It should be noted that each temperature control loop corresponds to a different temperature range, and a plurality of temperature control loops are independently equipped and separately operated, so that the control requirements are low, the mutual influence is avoided, and the realization is easy. Because the mixed refrigerant carries out the heat exchange in stages, the evaporation temperature of the refrigerant is reduced step by step so as to realize the gradual reduction of the control temperature of the temperature control loop.

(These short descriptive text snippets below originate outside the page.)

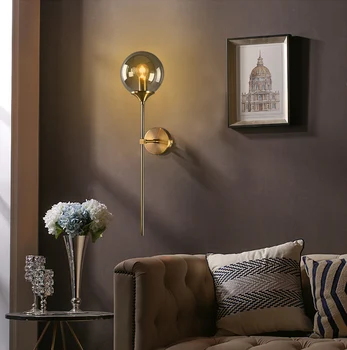 

Modern Glass Wall Lamp Gold Led Wall Light Fixtures for Home Decor Bedroom Bathroom Mirror Lights Nordic Indoor Luminaire E14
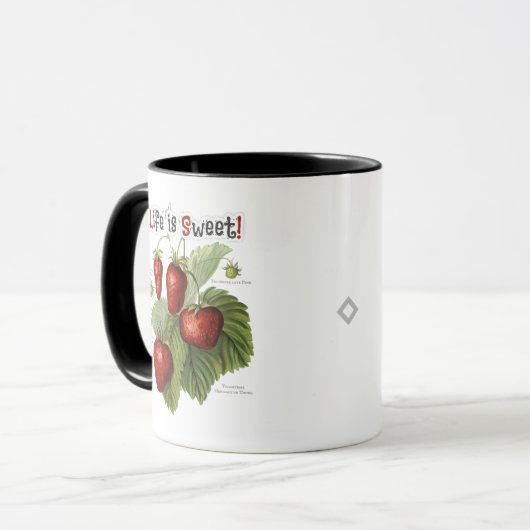 かわいいヴィンテージイチゴの品種の生活は甘い マグカップ (正面左)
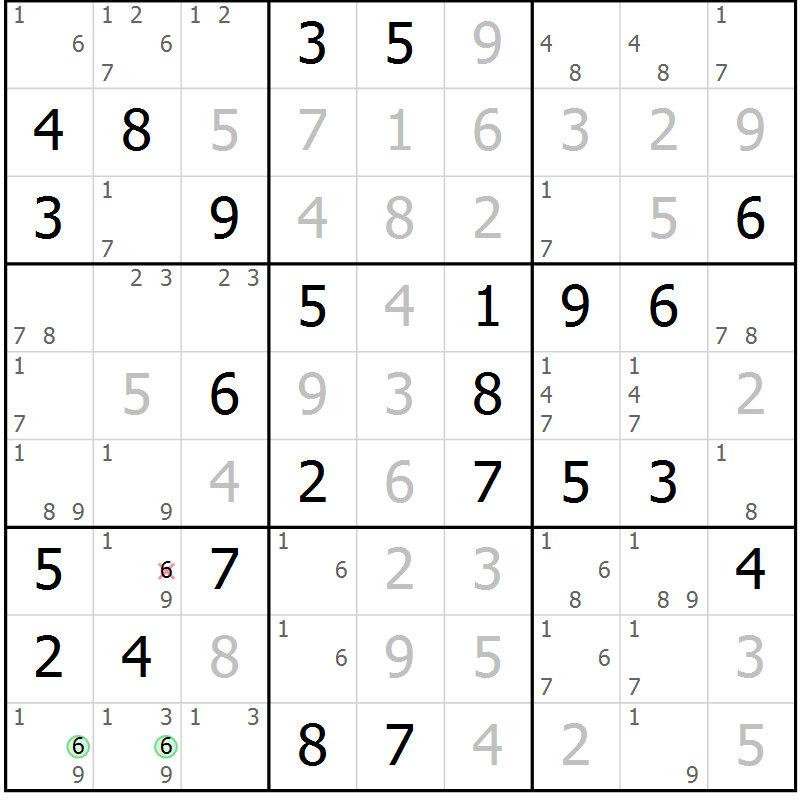Position des candidats pour la solution de la Gr 22 page 25 du magazine de sudoku Giga sudoku niv 6-8 n° 024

Based on the foregoing, in the embodiment of the present invention, the self-cascade refrigeration system using a single compressor COMP can reduce the number of compressors COMP, simplify a heat exchange loop, and contribute to reducing equipment cost, compared with a refrigeration system using multiple compressors COMP, and by performing innovative associated design on the self-cascade refrigeration system and a temperature control loop, a low temperature below-100 ℃ can be realized, and a set of self-cascade refrigeration system can provide a wide temperature zone cooling liquid for multiple temperature control loops. The wide temperature range of the temperature control circuits reaches the low temperature below 100 ℃ below zero, and the development of low-temperature control equipment of the advanced semiconductor process is actively promoted.

The last-stage self-cascade heat exchange loop comprises two heat exchangers, the two heat exchangers are respectively a last heat exchanger and a penultimate heat exchanger, and a heat release pipeline of the last heat exchanger is connected with two throttling parts; one throttling component is connected with a heat absorption pipeline of the last heat exchanger, and the heat absorption pipeline of the last heat exchanger is connected with a heat absorption pipeline of the penultimate heat exchanger; and the other throttling part is connected with a heat absorption pipeline of the last heat exchanger to realize the supercooling of the last heat exchanger, so that the last-stage temperature control loop can reach lower temperature.

In the above, the self-cascade heat exchange loops may be provided with multiple stages, the number of the temperature control loops corresponds to the number of the self-cascade heat exchange loops, and the specific number of the stages is not limited.

Next, referring to fig. 1, the self-cascade heat exchange circuit and the temperature control circuit will be described by taking an example in which the self-cascade heat exchange circuit is provided with three stages and the temperature control circuit is provided with three stages.

The self-cascade heat exchange loop comprises a first-stage self-cascade heat exchange loop and a second-stage self-cascade heat exchange loop, wherein the first-stage self-cascade heat exchange loop comprises a heat absorption pipeline of a first heat exchanger HE1, a first gas-liquid separator SPR1, a sixth throttling component EEV6, a seventh throttling component EEV7, an eighth throttling component EEV8, a ninth throttling component EEV9, a fourth heat exchanger EVA4 and a heat absorption pipeline of a fifth heat exchanger EVA 5.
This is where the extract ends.